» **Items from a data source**
*** Block opens ***

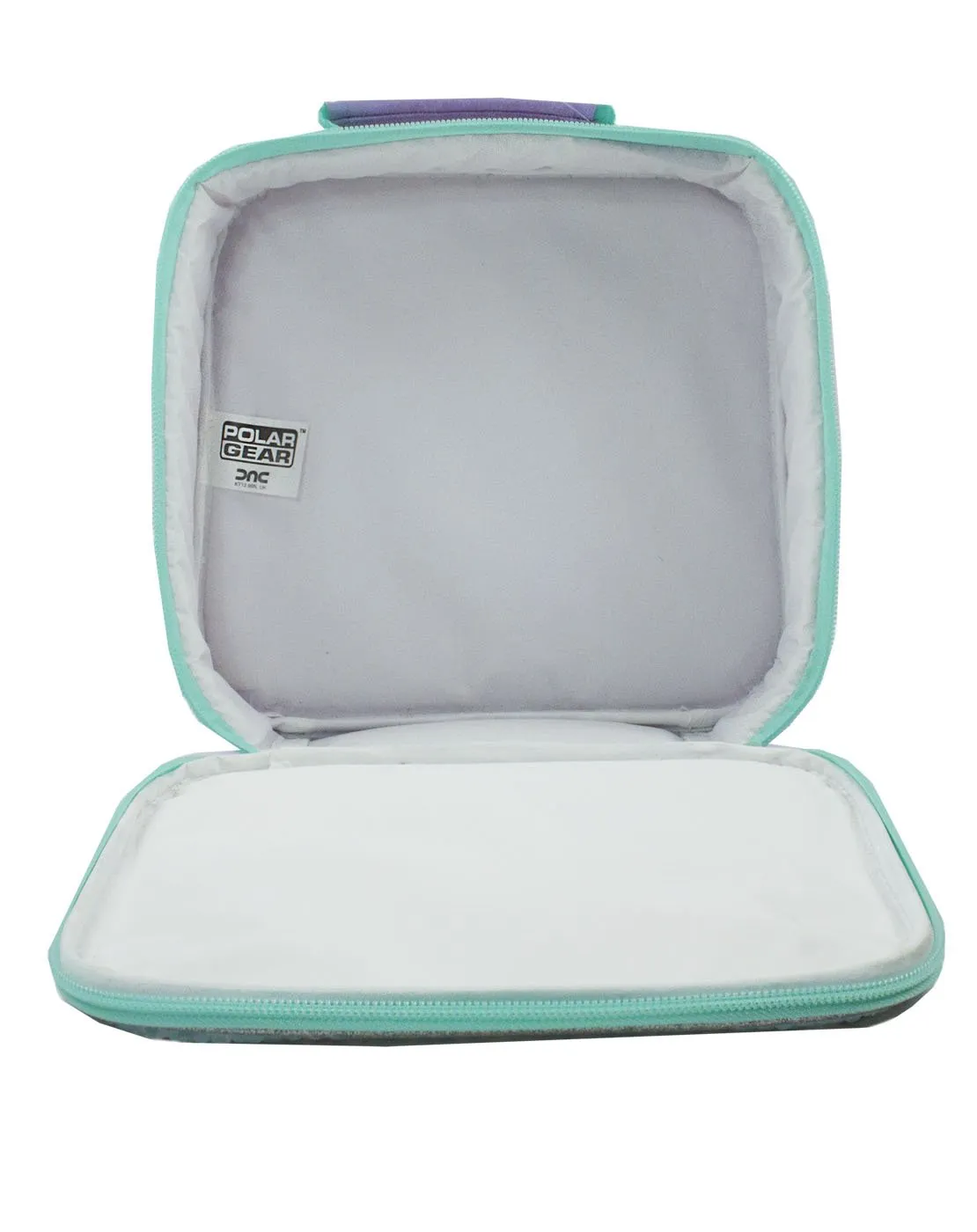 Frozen Shimmer Sequin Blue Pink Lunch Bag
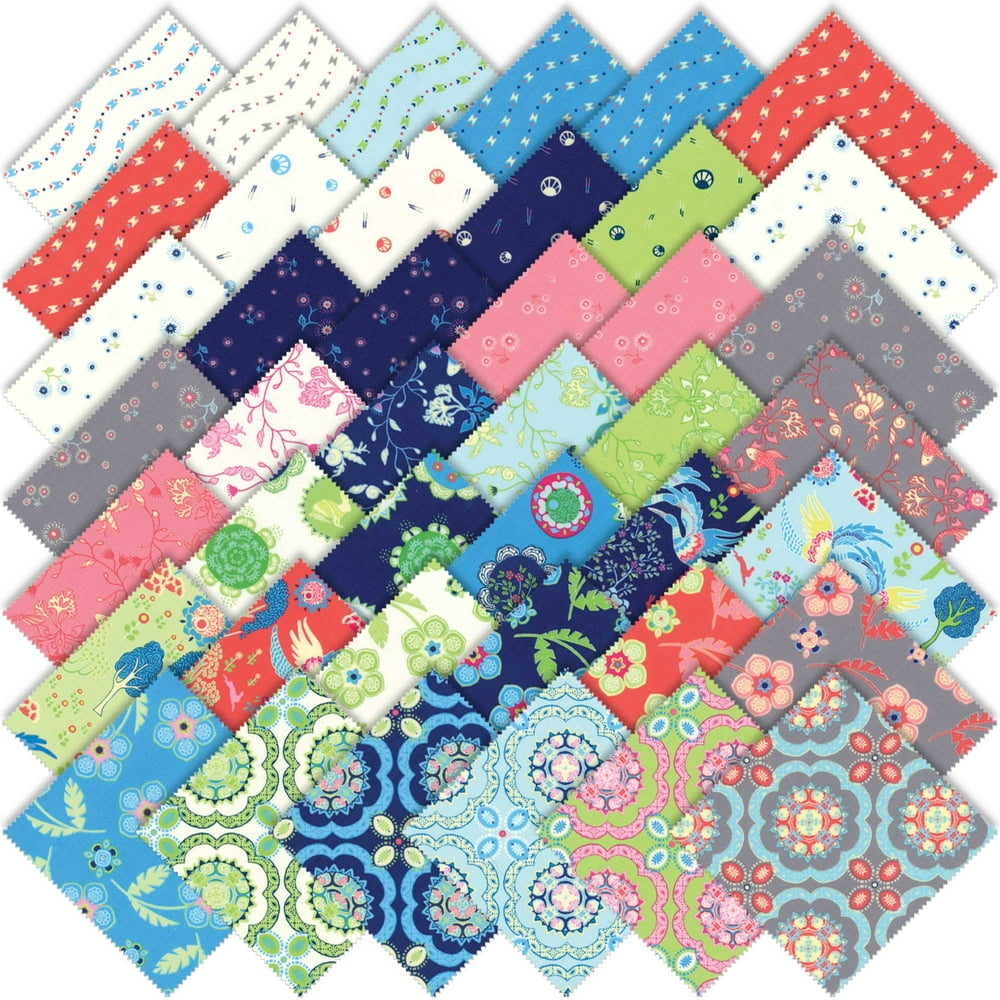Moda Manderley Charm Pack by Franny and Jane, 42 5" Quilting Cotton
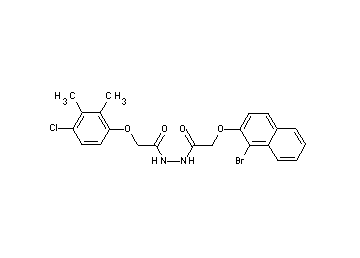 2-[(1-bromo-2-naphthyl)oxy]-N'-[(4-chloro-2,3-dimethylphenoxy)acetyl]acetohydrazide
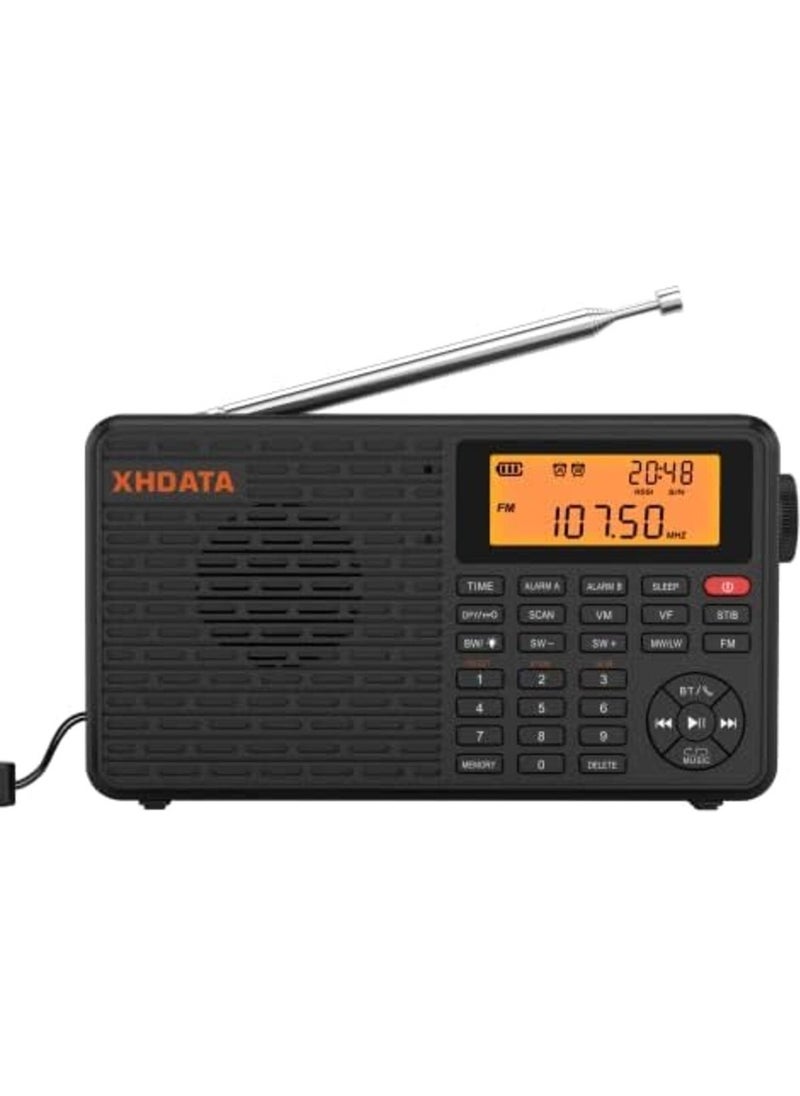D109 Portable Shortwave Radio - Battery Powered Radio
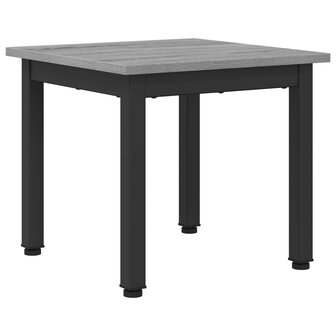 Salontafel Grijs Sonoma 40 x 40 x 36 cm Bewerkt hout 2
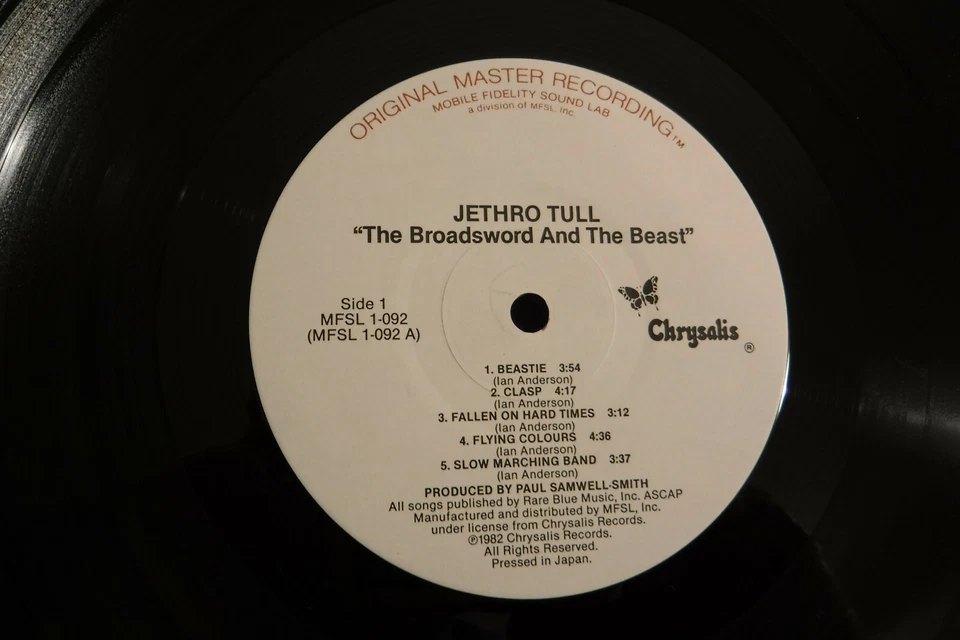 Jethro Tull, The Broadsword and the Beast, 1982 Chrysalis MFSL 1-092 Japan - Image 4 of 4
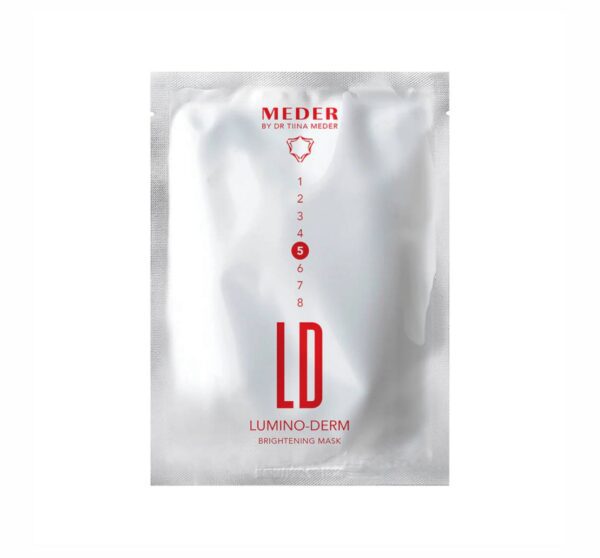 ОСВЕТЛЯЮЩАЯ ТКАНЕВАЯ МАСКА MEDER BEAUTY SCIENCE LUMINO-DERM — изображение 2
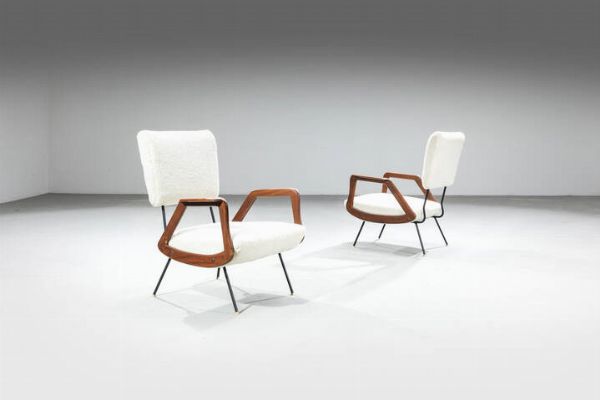 VITTORIO DASSI : Coppia di poltrone  - Asta Design - Associazione Nazionale - Case d'Asta italiane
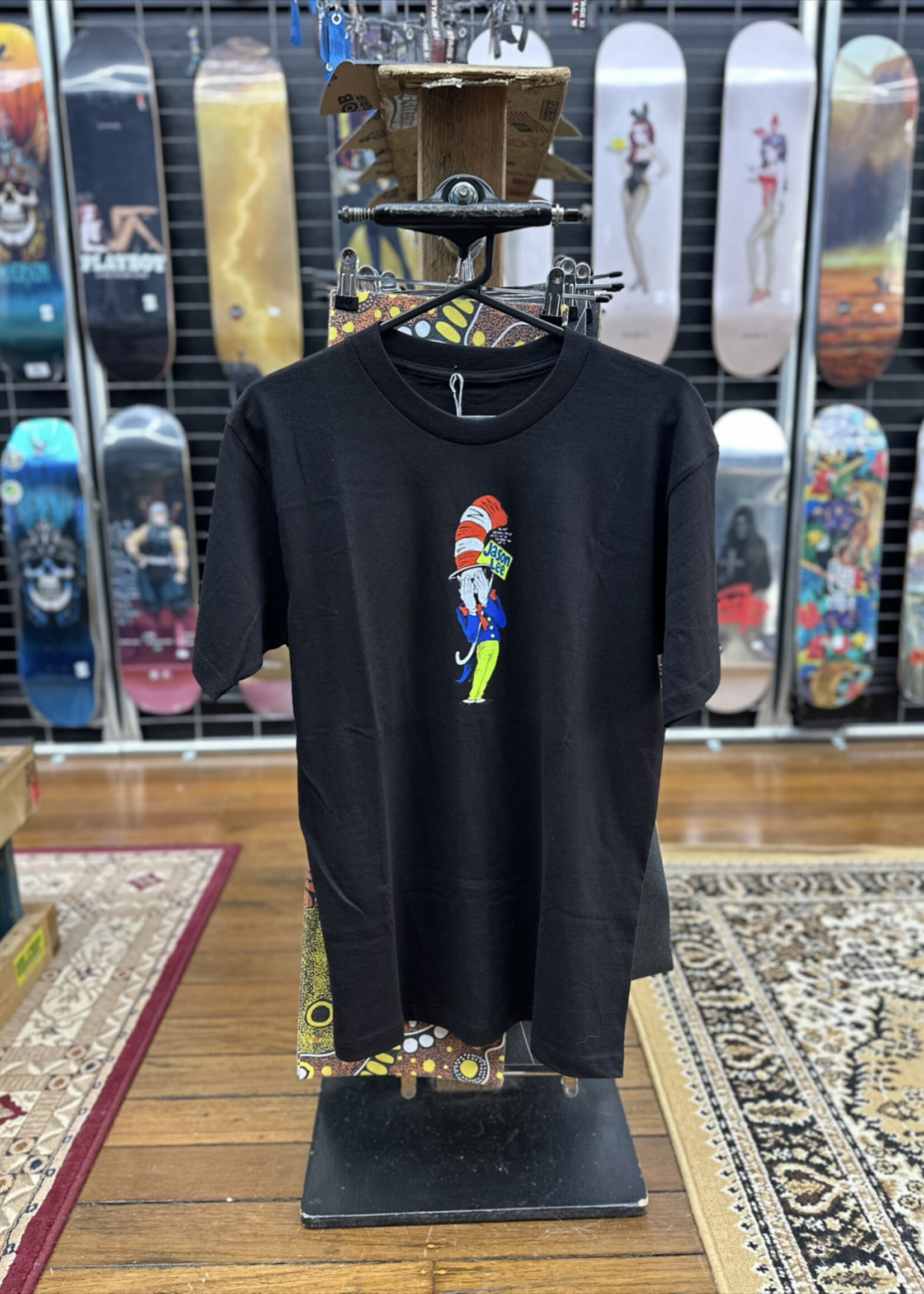 PRIME WOOD LA PRIME WOOD LA - Jason Lee Cat in a Hat Black Tee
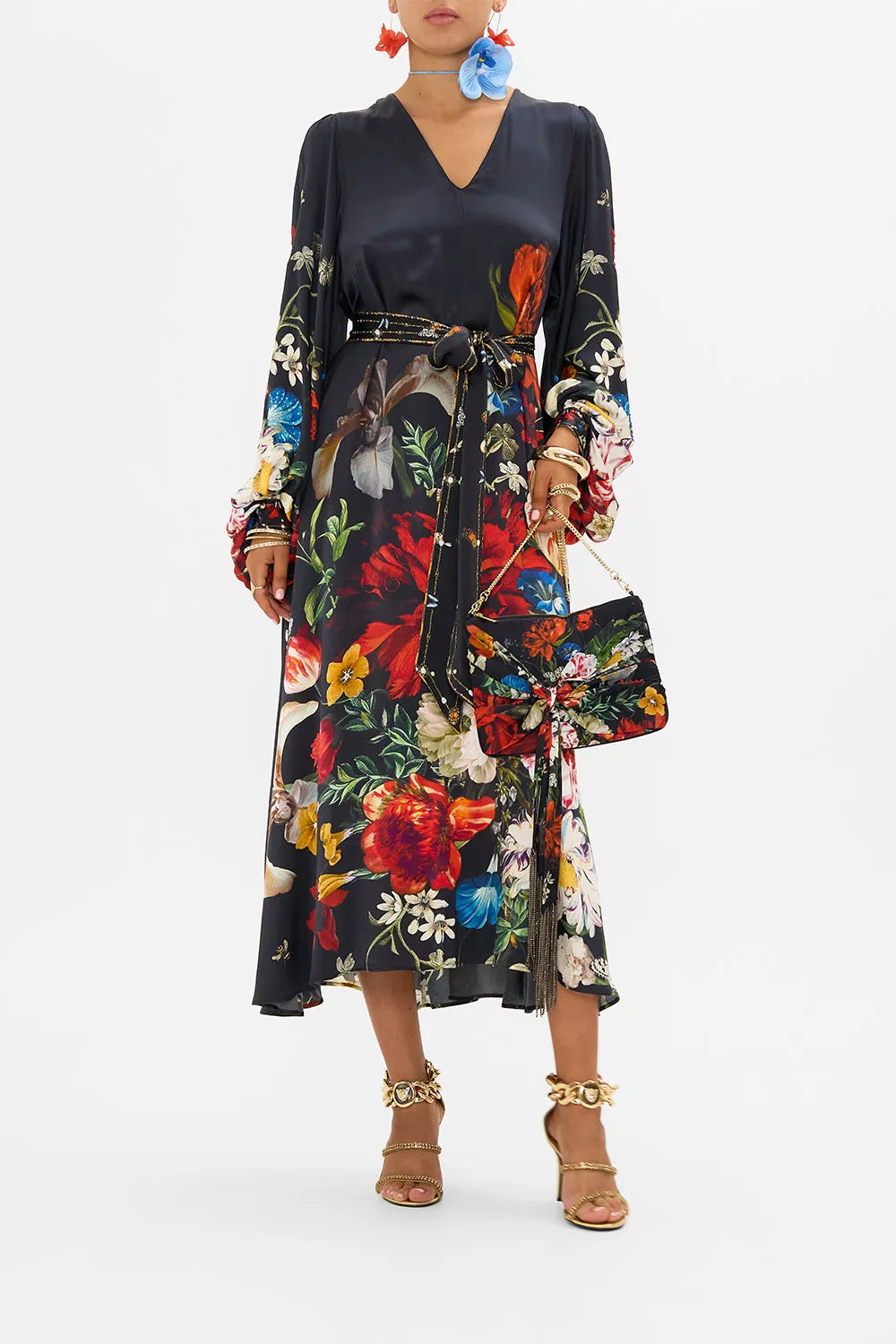 BLOUSON SLEEVE TRAPEZE DRESS A STILL LIFE sold by Camilla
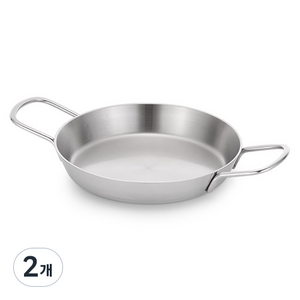 에델코첸 인덕션 통3중 직화 에델빠에야 프라이팬, 24cm, 2개
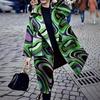 2025 Autumn/Winter Women's Solid Color Woolen Trench Coat - Warm & Casual 
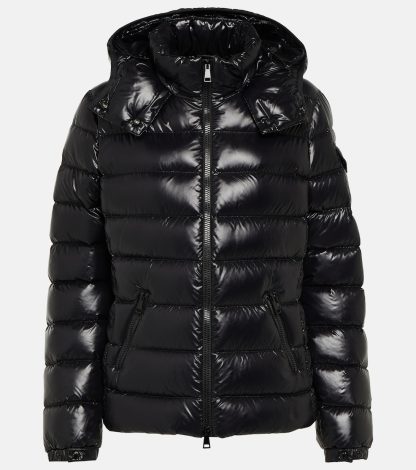 falscher Luxus Moncler Bady Daunenjacke in Schwarz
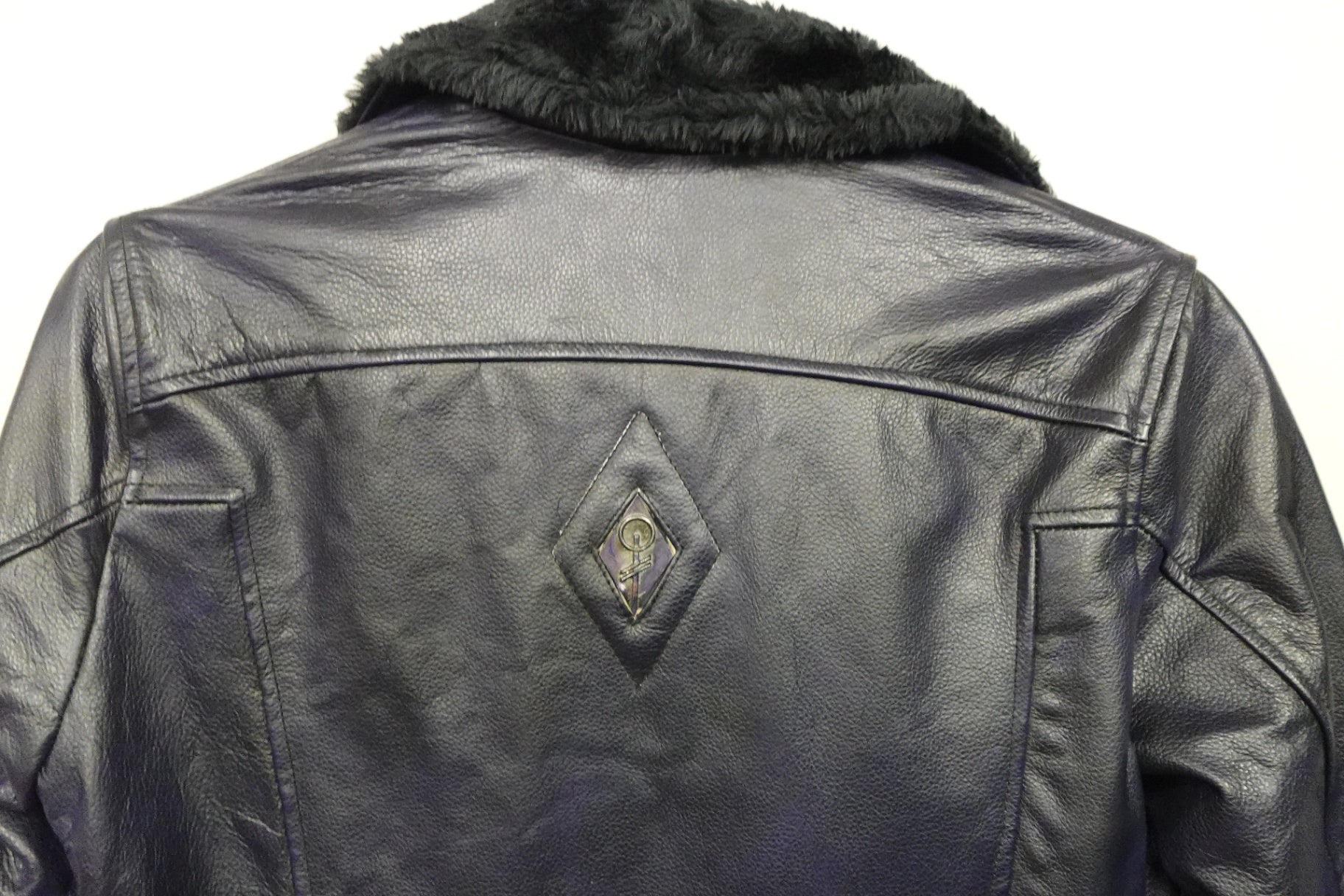 Verillas Lifestyles, NWT- Indigo Blue Leather Jacket, Size 14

*** Block closes ***

» **Try it**
No picture belongs in the copy. Print every entry above exactly as it stands.

» **Reply to the exercise**
 Frozen Shimmer Sequin Blue Pink Lunch Bag
Moda Manderley Charm Pack by Franny and Jane, 42 5" Quilting Cotton
 2-[(1-bromo-2-naphthyl)oxy]-N'-[(4-chloro-2,3-dimethylphenoxy)acetyl]acetohydrazide
D109 Portable Shortwave Radio - Battery Powered Radio
 Salontafel Grijs Sonoma 40 x 40 x 36 cm Bewerkt hout 2
 Jethro Tull, The Broadsword and the Beast, 1982 Chrysalis MFSL 1-092 Japan - Image 4 of 4
 ОСВЕТЛЯЮЩАЯ ТКАНЕВАЯ МАСКА MEDER BEAUTY SCIENCE LUMINO-DERM — изображение 2
 VITTORIO DASSI : Coppia di poltrone  - Asta Design - Associazione Nazionale - Case d'Asta italiane
 PRIME WOOD LA PRIME WOOD LA - Jason Lee Cat in a Hat Black Tee
 BLOUSON SLEEVE TRAPEZE DRESS A STILL LIFE sold by Camilla
 에델코첸 인덕션 통3중 직화 에델빠에야 프라이팬, 24cm, 2개
 2025 Autumn/Winter Women's Solid Color Woolen Trench Coat - Warm & Casual 
 falscher Luxus Moncler Bady Daunenjacke in Schwarz
 Verillas Lifestyles, NWT- Indigo Blue Leather Jacket, Size 14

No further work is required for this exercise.